Now, consider the function, ${\log _{\sin 1}}\tan 1$ , we have, $\dfrac{\pi }{2} = \dfrac{{3.14}}{2} > 1$ , so, $\sin \dfrac{\pi }{2} > \sin 1$ which gives $\sin 1 < 1$ .
And, $\dfrac{\pi }{4} = \dfrac{{3.14}}{4} < 1$ , so, $\tan \dfrac{\pi }{4} < \tan 1$ which give $\tan 1 > 1$ . Now, $\sin 1 < 1$ and $\tan 1 > 1$ , hence, ${\log _{\sin 1}}\tan 1 < 0$ .
Now, consider the function, ${\log _{\cos 1}}\left( {1 + \tan 3} \right)$ , $0 < 1 < \dfrac{\pi }{2}$ , so, $\cos 0 > \cos 1 > \cos \dfrac{\pi }{2}$ , since, the function is decreasing for $0 < \theta < \pi $ , hence, $\cos 1 < 1$
And, $\dfrac{\pi }{2} < 3 < \pi $ , which means it is in the second quadrant, and the second quadrant $\tan $ is negative, which means $1 + \tan 3 < 1$ .
Now, $\cos 1 < 1$ and $1 + \tan 3 < 1$ , hence, ${\log _{\cos 1}}\left( {1 + \tan 3} \right) > 0$ .
Now, consider the function, ${\log _{\tan {{15}^o}}}\left( {2\sin {{18}^o}} \right)$ , we know, $\sin {18^o} < \sin {30^o}$ , which means, $\sin {18^o} < \dfrac{1}{2}$ i.e., $2\sin {18^o} < 1$ .
And, we know, $\tan {15^o} < \tan {45^o}$ , which gives, $\tan {15^o} < 1$ . Now, $2\sin {18^o} < 1$ and $\tan {15^o} < 1$ , so, ${\log _{\tan {{15}^o}}}\left( {2\sin {{18}^o}} \right) > 0$ .
Now, at last, consider the function, ${\log _{{{\log }_{10}}5}}\left( {\cos \theta + \sec \theta } \right)$ , we know, ${\log _{10}}5 < {\log _{10}}10$ i.e., ${\log _{10}}5 < 1$ .
And, we know, the Arithmetic mean is always greater than the geometric mean, therefore, $\dfrac{{\left( {\cos \theta + \sec \theta } \right)}}{2} > {\left( {\cos \theta \cdot \sec \theta } \right)^{\dfrac{1}{2}}}$ , which gives, $\cos \theta + \sec \theta > 2 > 1$ .
Now, ${\log _{10}}5 < 1$ and $\cos \theta + \sec \theta > 2 > 1$ , hence, ${\log _{{{\log }_{10}}5}}\left( {\cos \theta + \sec \theta } \right) < 0$ .

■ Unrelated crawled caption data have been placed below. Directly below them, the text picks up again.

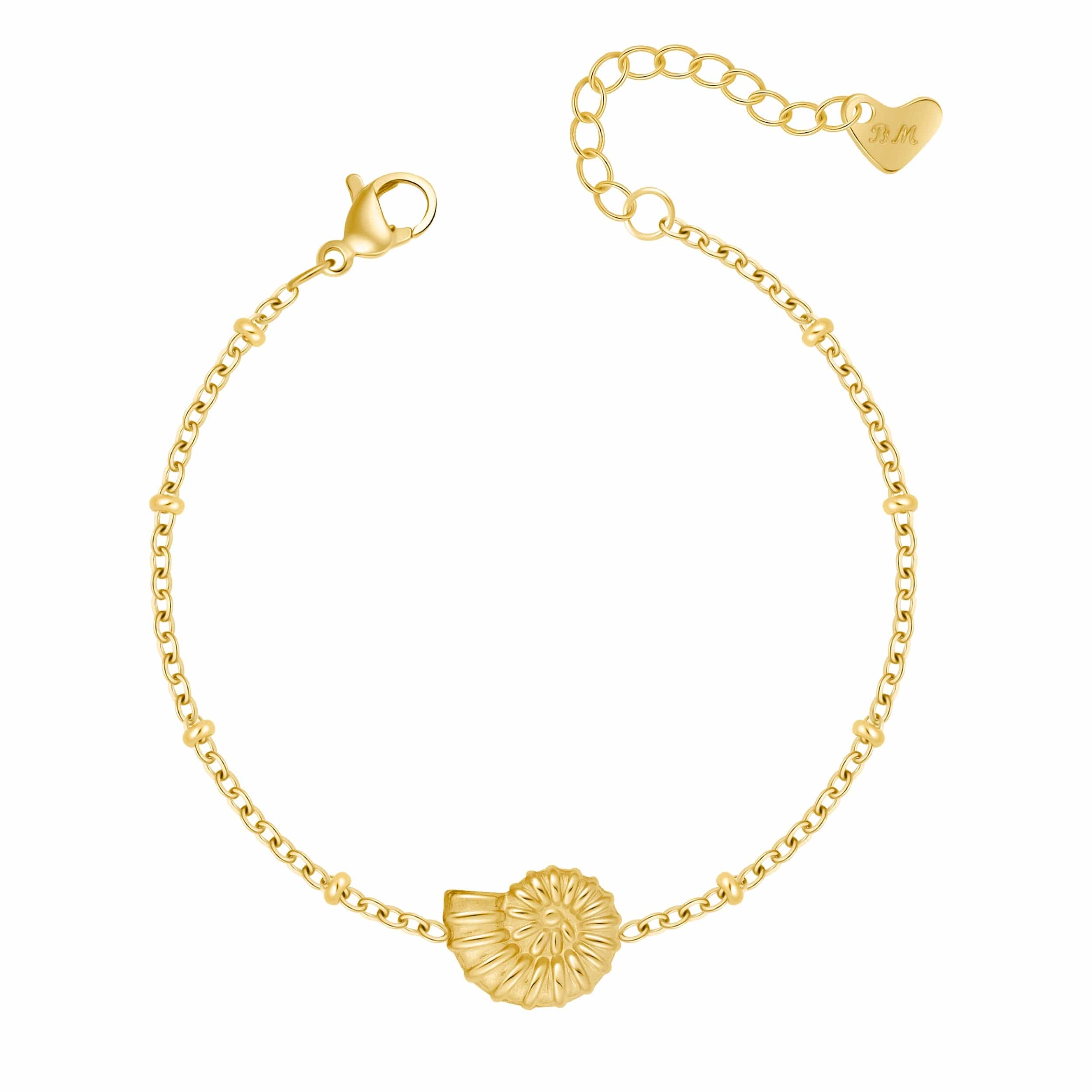 Bohomoon Stainless Steel Mini Ursula Bracelet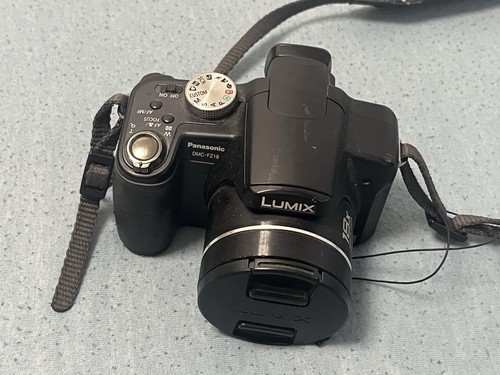 Panasonic lumix dmc fz18 1 - lumix, dmc-fz18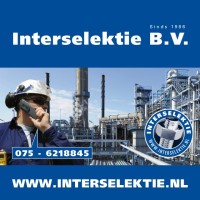 Interselektie B.V. logo, Interselektie B.V. contact details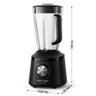 Liquidificador Philips Walita Turbo 1200w Hr2271/90 - 12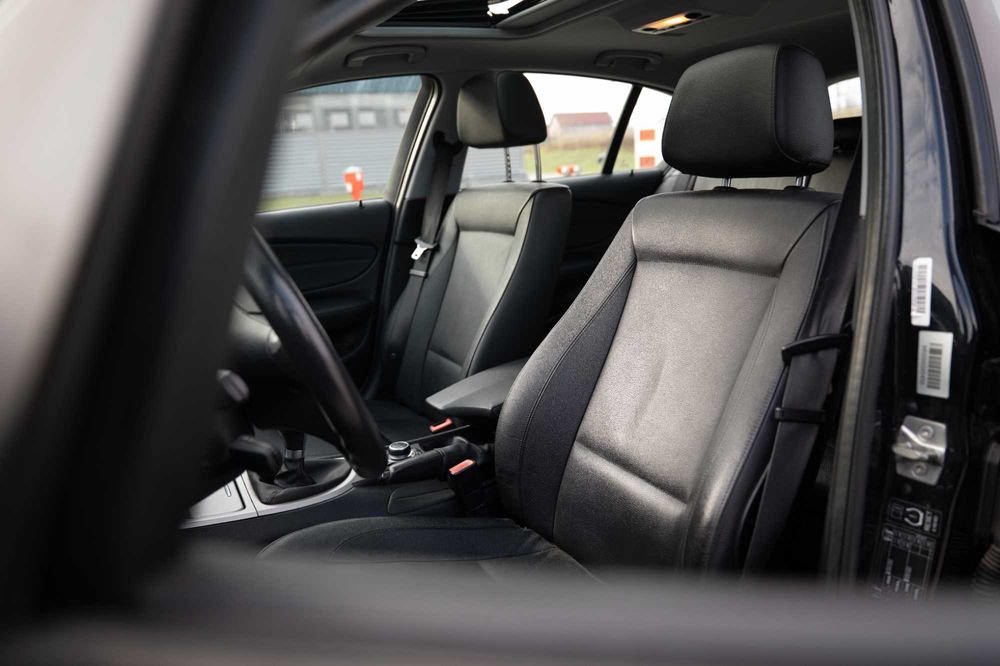 BMW Seria1 120 D 2.0 Diesel Euro 5 Xenon Piele Jante
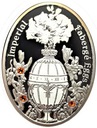 Niue 1 dolar Jaja Faberge (2)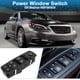 thumbnail image 2 of Interruptor de ventana eléctrica delantero izquierdo único para Chrysler 200 2015-2017 No. 68271206AB, 2 of 7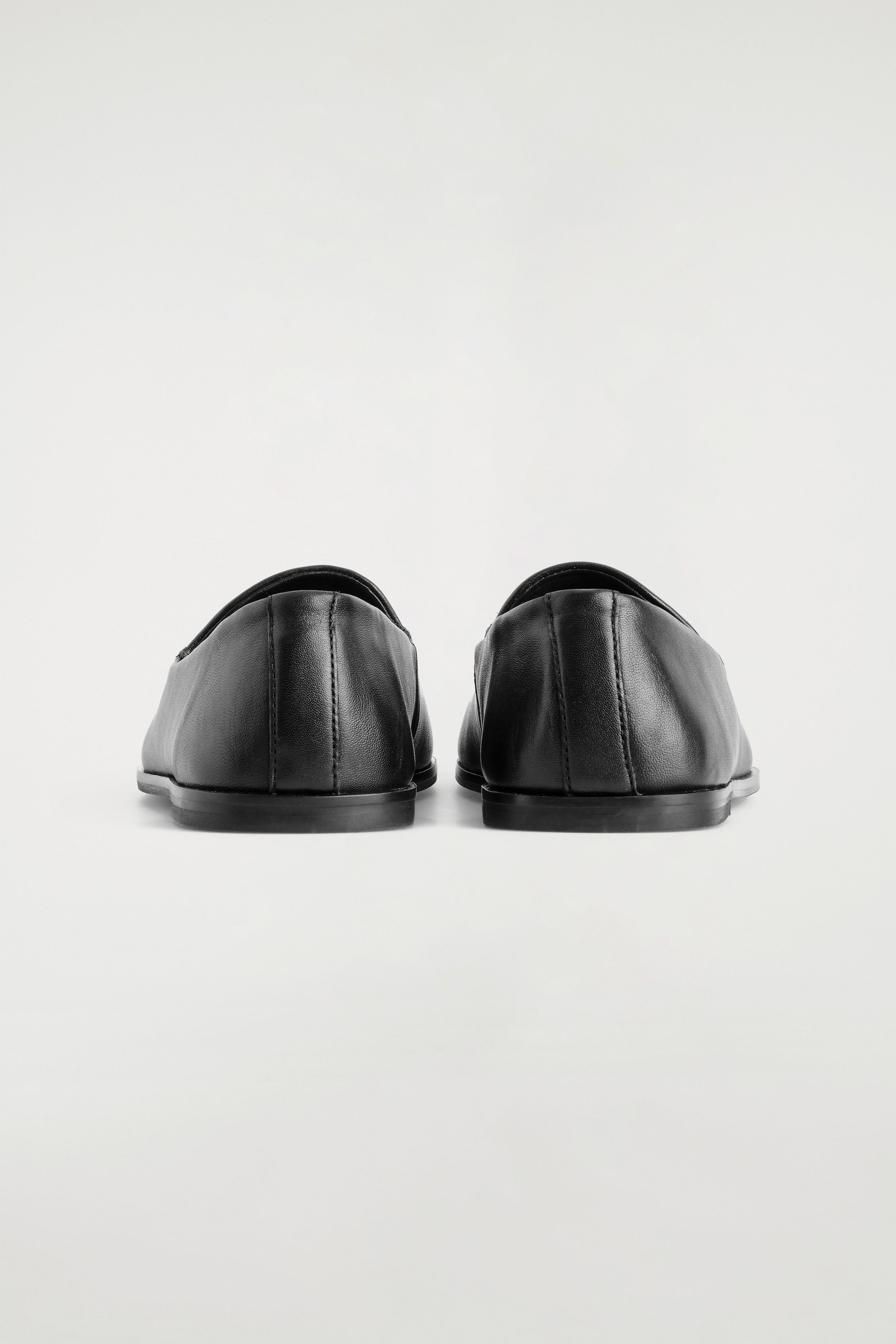 MOCASSINS CLASSIQUES EN CUIR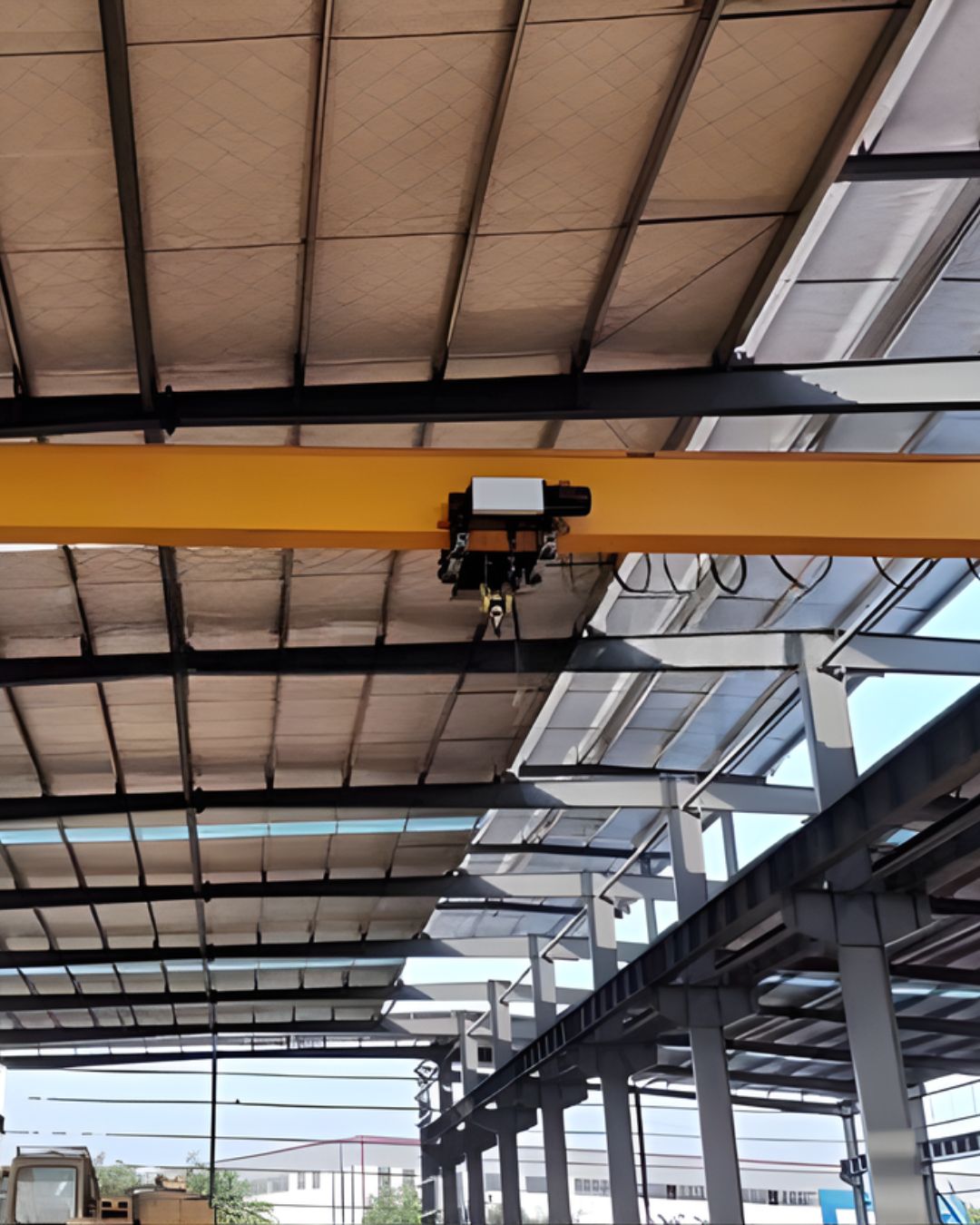 Double Girder EOT Crane / 5 - 30 Ton Cap - Image 2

Thus, ${\log _{\tan {{15}^o}}}\left( {2\sin {{18}^o}} \right)$ and ${\log _{\cos 1}}\left( {1 + \tan 3} \right)$ are positive.

Therefore, the correct option is B and C

Note: We know that, $\sec \theta $ is reciprocal of $\cos \theta $ .

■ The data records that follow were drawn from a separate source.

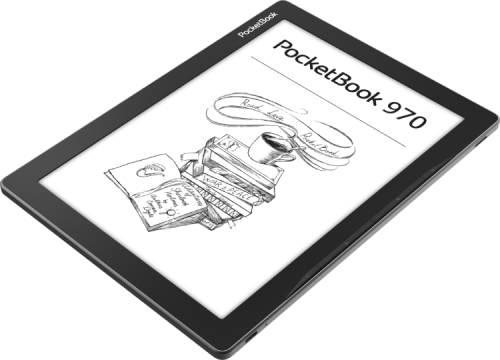 Электронная книга PocketBook 970 (PB970-M-CIS) Mist Grey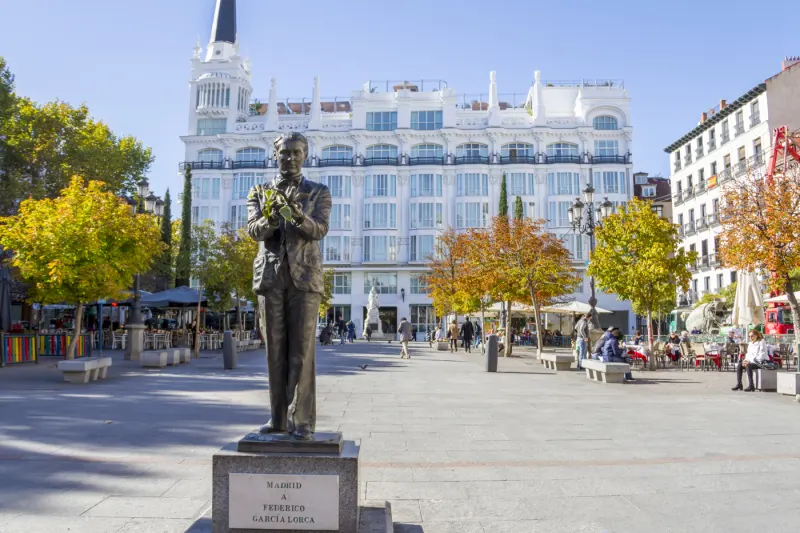 Place Santa Ana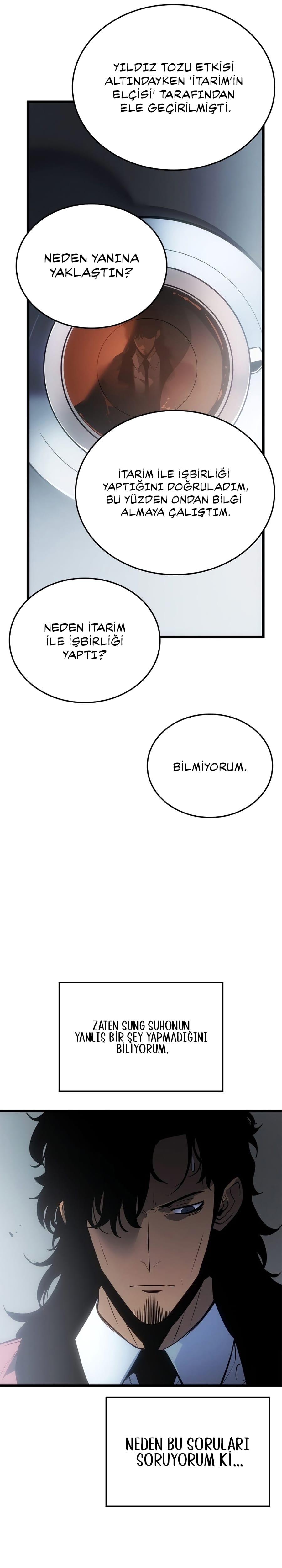 Read Solo Leveling Ragnarok Tr Manga Online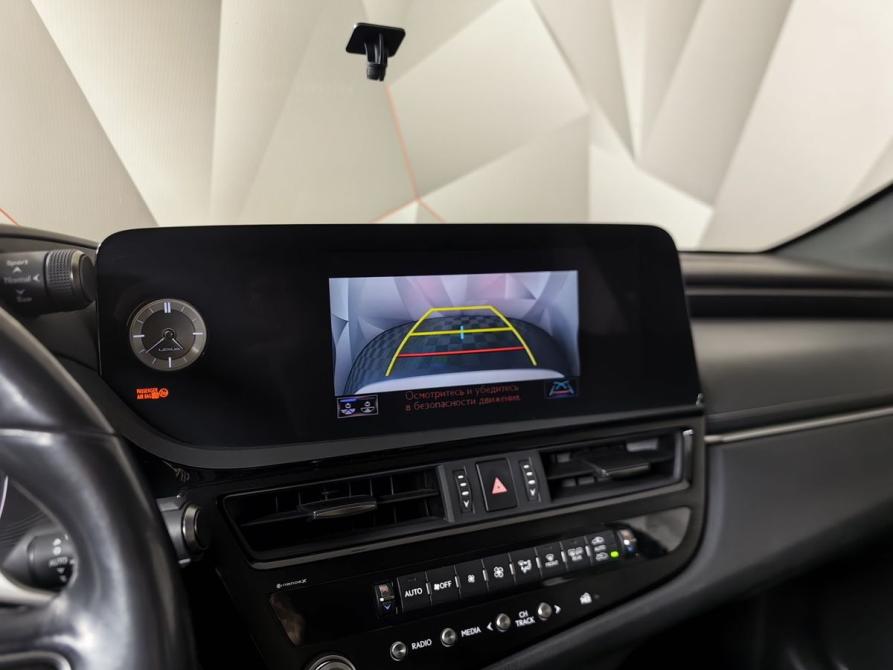 Lexus ES VII Рестайлинг Москва  - изображение 22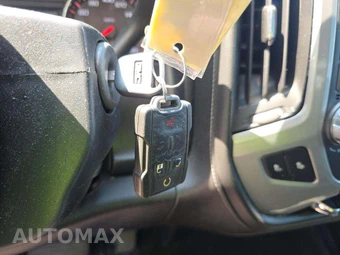 2014 GMC Sierra 1500 SLE Extended Cab Medium Bed – miniatura 5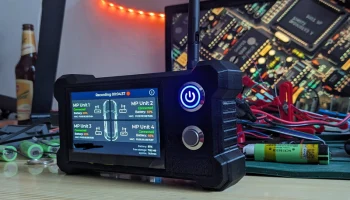 Корпус CYD для 4,3-дюймового ЖК-модуля ESP32........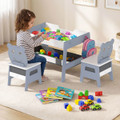 5-in-1 Kids' Table & Chair Set product image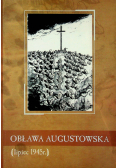 Obława Augustowska lipiec 1945 r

“Arithmetic mean is always greater than the geometric mean” is true for every function or equation.
For checking, if a logarithmic function is positive or negative, we have to check if $a$ and $x$ are greater than or less than $1$ , if the sign of $a$ and $x$ are same i.e., either both greater than $1$ or both less than $1$, then, the logarithmic function is positive, and if the sign of $a$ and $x$ are not same, i.e., one is greater than $1$ and other is less than $1$, then the logarithmic function is negative.